I'm a Boer breeder in central Oklahoma. I focus on breeding quality breeding stock for show, and also raise the wethers that I don't keep as breeding stock for meat. I've had goats for years and years, but the Boers I just got into about a year ago, we invested alot in getting some good lines, and I'm totally hooked on this breed.


----------



## toth boer goats (Jul 20, 2008)

wow, you do have real nice goats ,and bloodlines  ,all your goats beautiful ,, :drool:,we are looking for a show quality buck or buckling at this time ,wish you had some for sale and were closer, I live in California.


----------



## enjoytheride (Oct 5, 2007)

I have boers too- I'm in northern California.


----------



## SDK (Jun 26, 2008)

i have some boers i use for meat and show. i'm in ca but i only have 4 does right now


----------



## toth boer goats (Jul 20, 2008)

howdy enjoytheride :wave: 
you are in humbolt co ca,,, ,do you have any show quality bucks for sale?

:wave: 
hi SDK darn only does ~! 

:hair: 
Oh well still looking


----------



## SDK (Jun 26, 2008)

yea i just got started out like 2 months ago. my friend melissa at lovenmranch.com has given me three does an i have a 50% doe from rebecca at moonstone ranch. i need to breed two of my does soon. melissa might have a buck for sale, she has pretty nice goats


----------



## toth boer goats (Jul 20, 2008)

SDK lovenmranch.com looked up her site she only has does on her for sale page


----------



## SDK (Jun 26, 2008)

yea she's advertising the does that she put into a sale. 
email her and ask. she usually has kids every few months.


----------



## AlaskaBoers (May 7, 2008)

hi toth, we are in Wasilla- Palmer area, in The Matanuska Valley, about half an hour north of Achorage (our largest city). Right now its approx. 63 degrees, we've had a very rainy summer, usually it gets up to about 76. the winters where we are at are dark, and not too cold, the lowest temp this winter was -39. 
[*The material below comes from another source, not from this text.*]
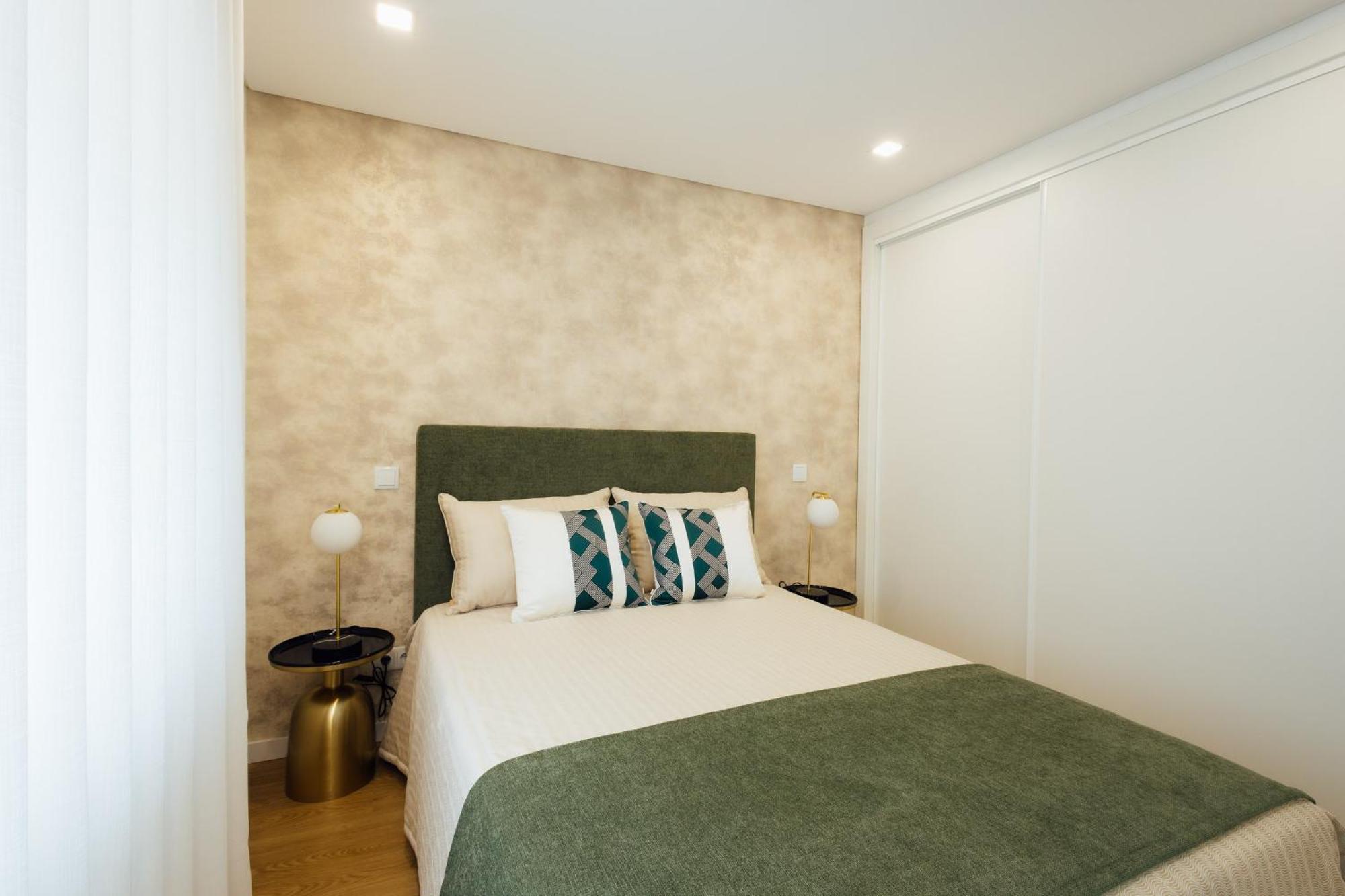 Lady Laura Hotel Figueira da Foz Eksteriør billede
but in the interior (where ArcticGoats is) its gets REAL cold -50 ish? and hot in the summer 90ish (arctic goats, please correct me :wink: , i've never lived up there)
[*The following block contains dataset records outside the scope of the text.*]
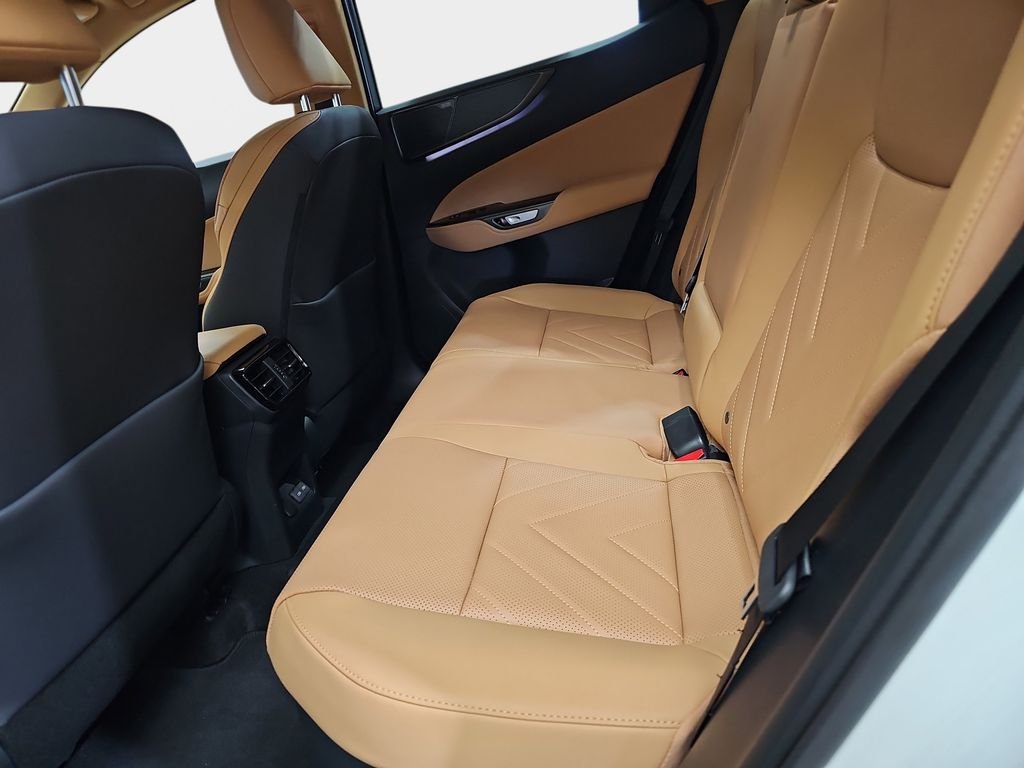 2026 Lexus NX 450h+ Luxury - Photo 14
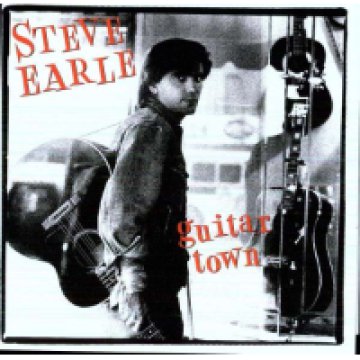 Guitar Town LP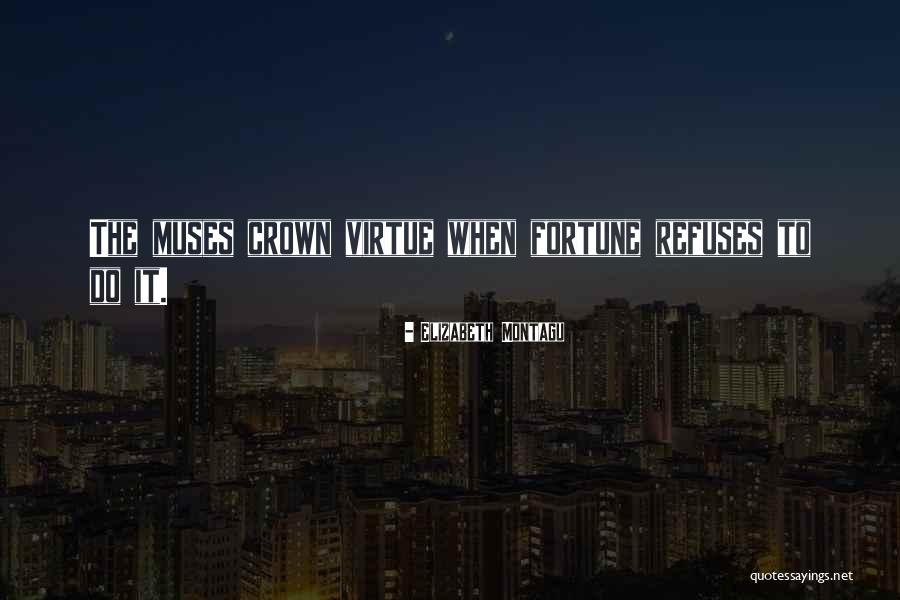 Elizabeth Montagu Quotes 1155234 Elizabeth Montagu Quotes 1155234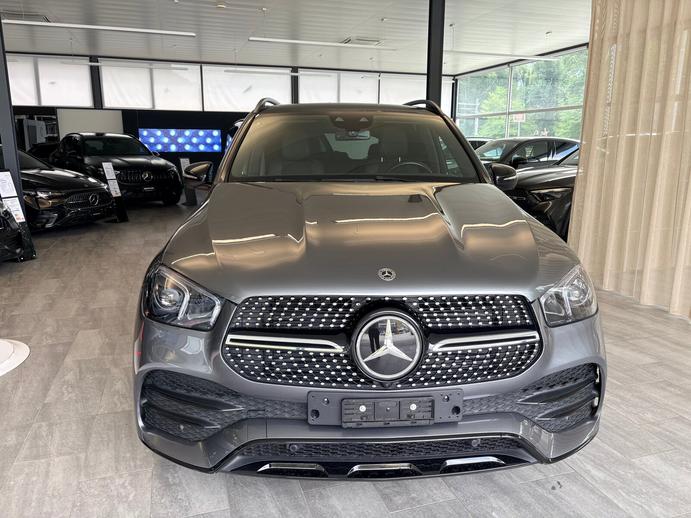 MERCEDES-BENZ GLE 350 e AMG Line 4matic, Plug-in-Hybrid Benzina/Elettrica, Occasioni / Usate, Automatico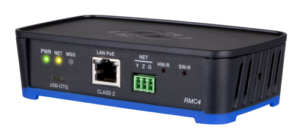 CRESTRON 4-SERIES CONTROL SYSTEM (RMC4) 6510418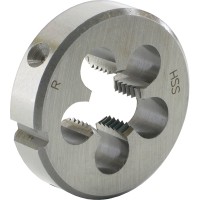 Schneideisen Zöllig - DIN EN 24231 (ehem. DIN 5158) Schneideisen Zöllig - DIN EN 24231 (ehem. DIN 5158)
Yeah my dad knows some of the crab fisherman on deadliest catch, mostly the captains, he met out in King Salmon (where we used to live, out on the aleutian Chain) 
We don't know any ice truckers though. Theyre up north. 
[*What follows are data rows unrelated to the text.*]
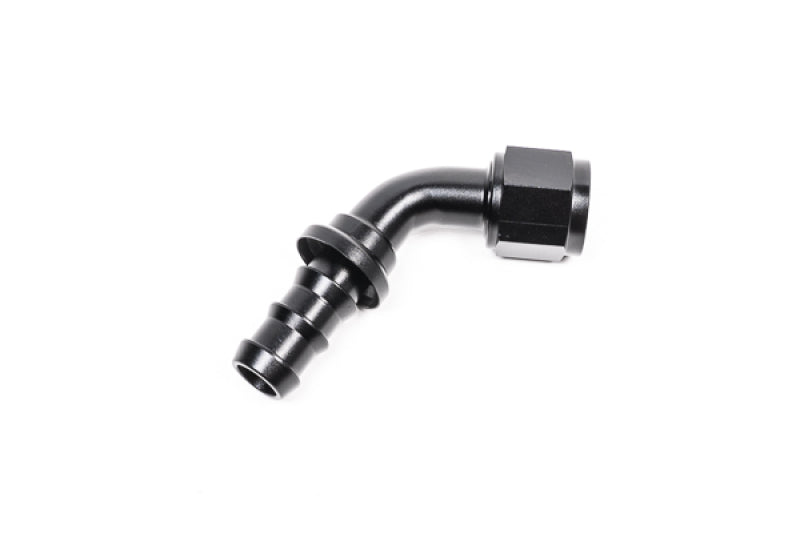 Radium Pushlok Hose End 10AN 60deg 14-0712 14-0712 Photo - Primary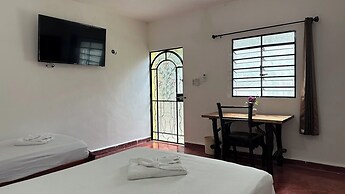 Casa zued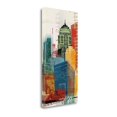 thumbnail image 1 of "Urban Style II" By Noah, Fine Art Giclee Print on Gallery Wrap Canvas, Ready to Hang, 1 of 2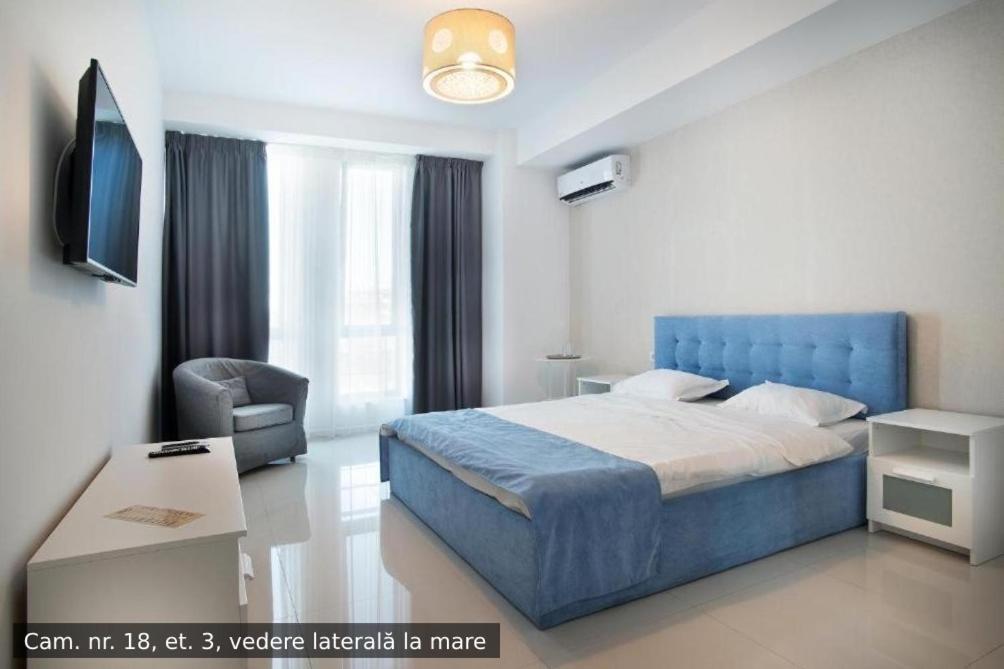 Beach Rooms Roberta Mamaia Habitación foto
But our genetics here are , well, not very good. Boers are becoming popular, but nobody has show quality. We had our first AK USBGA sanctioned show with a grand total of 12 goats, and 5 breeders. which we thought was a great turn out. But by next year i hope to have a lower 48 buckling, and a few more fullbloods!


----------



## kelebek (Oct 5, 2007)

I have a 90% Boer 10% Spanish buck and 2 saanen / Boer cross does and an alpine/nubian/boer doe.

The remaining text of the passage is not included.